Geometry & Topology RTG

In this series of two lectures, I will introduce and motivate the stable homotopy category, AKA the homotopy category of spectra. I will then give basic constructions and examples. Very little background in homotopy theory will be assumed.

The curvature measures, first introduced by H. Minkowski under the name of quermassintegrals, have turned up in various unexpected places such as Weyl's tube formula and various Crofton-type formulas. The modern definition of these measures, is through the normal cycle, an object Morse theoretic in nature, associated to "reasonably singular" subsets of an Euclidean space and introduced independently and by different means by J. Fu and Kashiwara-Schapira. In these lectures I hope to give you a tour of the ecclectic world of normal cycles, curvature measures and singular Morse theory.
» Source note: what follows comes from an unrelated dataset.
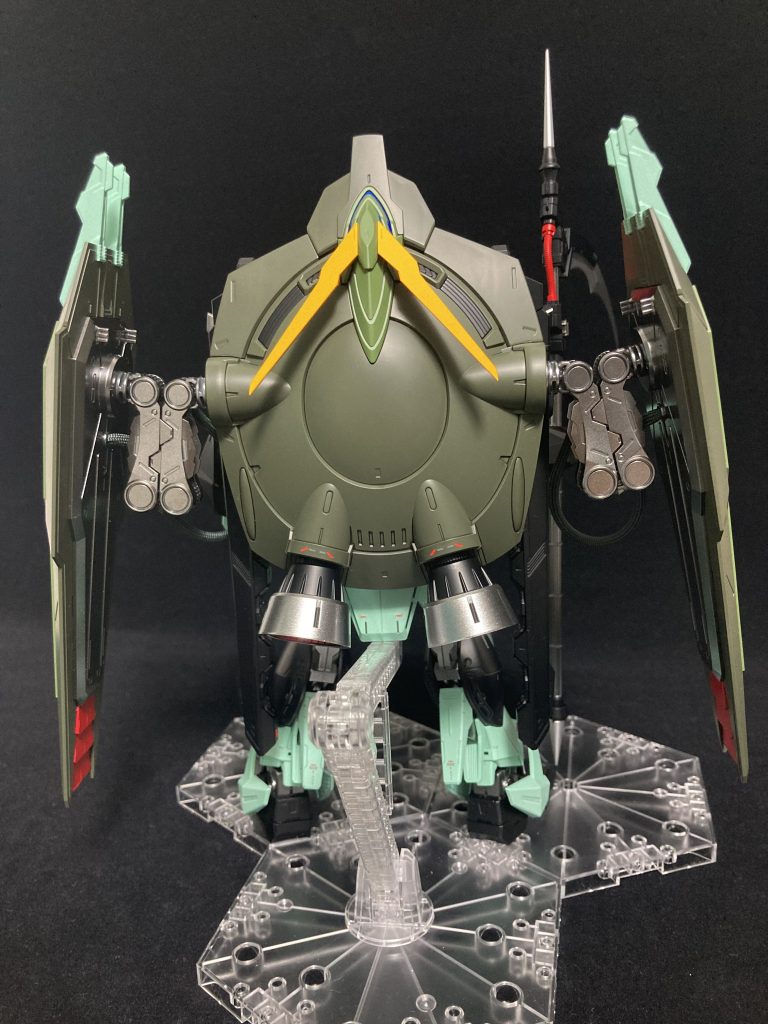 バックパックのバーニア内部はキャンディレッドで塗装。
In this first talk on the Index Theorem we define elliptic differential operators and their principal symbols. Then we recall topological K-theory and show that the principal symbol of an elliptic operator D on a manifold X represents an element in the relative K-theory group K(T*X,(T*X)_0) where T*X is the cotangent bundle of X, and (T*X)_0 is the subspace of non-zero cotangent vectors. A key statement is that the index of an elliptic operator D on a compact manifold X depends only on that K-theory element given by its principal symbol.

In this lecture we state the Index Theorem in its K-theory formulation. The key player here is the "topological index homomorphism" from the K-theory group K(T*X,(T*X)_0) to the integers, which is constructed in a purely topological way that has nothing to do with differential operators. According to the Index Theorem the index of a elliptic differential operator D on a compact manifold X is equal to the image of the element in K(T*X,(T*X)_0) represented by the principal symbol of D under the topological index homomorphism.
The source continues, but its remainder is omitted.